◆ **Directions**
Among the lines below, a stretch begins at the one with "Fantasy Grounds - Mini-Dungeon" and ends at the one with "Dragon Pattern Strength Ring". Repeat that stretch exactly, ends included.

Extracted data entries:
╔══
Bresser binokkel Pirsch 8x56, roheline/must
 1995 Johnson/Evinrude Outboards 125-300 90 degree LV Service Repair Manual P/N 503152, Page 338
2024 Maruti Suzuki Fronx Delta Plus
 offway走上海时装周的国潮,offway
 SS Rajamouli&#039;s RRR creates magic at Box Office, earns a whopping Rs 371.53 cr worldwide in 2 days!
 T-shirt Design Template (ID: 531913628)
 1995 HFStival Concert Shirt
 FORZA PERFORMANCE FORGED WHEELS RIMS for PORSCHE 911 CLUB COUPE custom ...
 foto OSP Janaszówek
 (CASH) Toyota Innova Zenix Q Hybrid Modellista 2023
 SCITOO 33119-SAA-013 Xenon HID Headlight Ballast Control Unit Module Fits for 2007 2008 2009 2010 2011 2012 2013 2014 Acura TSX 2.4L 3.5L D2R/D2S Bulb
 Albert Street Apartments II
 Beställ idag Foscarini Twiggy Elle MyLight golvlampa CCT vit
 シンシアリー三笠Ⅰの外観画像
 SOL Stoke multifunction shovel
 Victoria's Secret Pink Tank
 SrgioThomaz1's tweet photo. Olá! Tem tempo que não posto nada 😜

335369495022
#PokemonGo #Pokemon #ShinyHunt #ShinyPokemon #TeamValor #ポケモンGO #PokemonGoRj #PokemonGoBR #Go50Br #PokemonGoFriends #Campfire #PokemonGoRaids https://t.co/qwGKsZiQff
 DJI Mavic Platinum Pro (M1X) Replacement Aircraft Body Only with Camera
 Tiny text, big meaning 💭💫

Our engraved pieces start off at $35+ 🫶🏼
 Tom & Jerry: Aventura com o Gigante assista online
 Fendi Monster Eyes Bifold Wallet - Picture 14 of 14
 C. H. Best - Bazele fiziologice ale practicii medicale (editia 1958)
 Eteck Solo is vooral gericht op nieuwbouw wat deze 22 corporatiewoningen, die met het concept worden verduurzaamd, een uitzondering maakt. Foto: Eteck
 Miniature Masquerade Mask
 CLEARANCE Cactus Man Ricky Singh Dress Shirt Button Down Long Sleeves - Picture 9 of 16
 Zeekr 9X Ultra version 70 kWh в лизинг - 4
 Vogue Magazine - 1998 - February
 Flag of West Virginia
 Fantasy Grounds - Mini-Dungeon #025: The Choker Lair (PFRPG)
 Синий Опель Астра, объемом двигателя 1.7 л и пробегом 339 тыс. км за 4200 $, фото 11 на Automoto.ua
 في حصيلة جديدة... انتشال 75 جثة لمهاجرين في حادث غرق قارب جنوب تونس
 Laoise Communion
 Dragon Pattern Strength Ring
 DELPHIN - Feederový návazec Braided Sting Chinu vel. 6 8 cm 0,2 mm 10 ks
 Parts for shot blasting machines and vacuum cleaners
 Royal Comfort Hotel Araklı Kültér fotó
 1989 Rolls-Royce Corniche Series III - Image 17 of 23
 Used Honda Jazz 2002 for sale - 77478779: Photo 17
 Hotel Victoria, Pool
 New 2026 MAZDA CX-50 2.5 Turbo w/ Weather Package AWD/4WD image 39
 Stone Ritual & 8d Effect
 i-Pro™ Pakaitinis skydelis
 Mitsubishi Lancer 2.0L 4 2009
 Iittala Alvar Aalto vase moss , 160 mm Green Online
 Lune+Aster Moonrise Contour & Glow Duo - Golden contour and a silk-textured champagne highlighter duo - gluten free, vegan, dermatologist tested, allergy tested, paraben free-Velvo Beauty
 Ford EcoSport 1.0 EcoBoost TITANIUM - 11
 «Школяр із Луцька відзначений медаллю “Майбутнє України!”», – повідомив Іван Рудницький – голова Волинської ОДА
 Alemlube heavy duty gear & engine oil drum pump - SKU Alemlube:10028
╚══
◆ **Solved problem**
 Fantasy Grounds - Mini-Dungeon #025: The Choker Lair (PFRPG)
 Синий Опель Астра, объемом двигателя 1.7 л и пробегом 339 тыс. км за 4200 $, фото 11 на Automoto.ua
 في حصيلة جديدة... انتشال 75 جثة لمهاجرين في حادث غرق قارب جنوب تونس
 Laoise Communion
 Dragon Pattern Strength Ring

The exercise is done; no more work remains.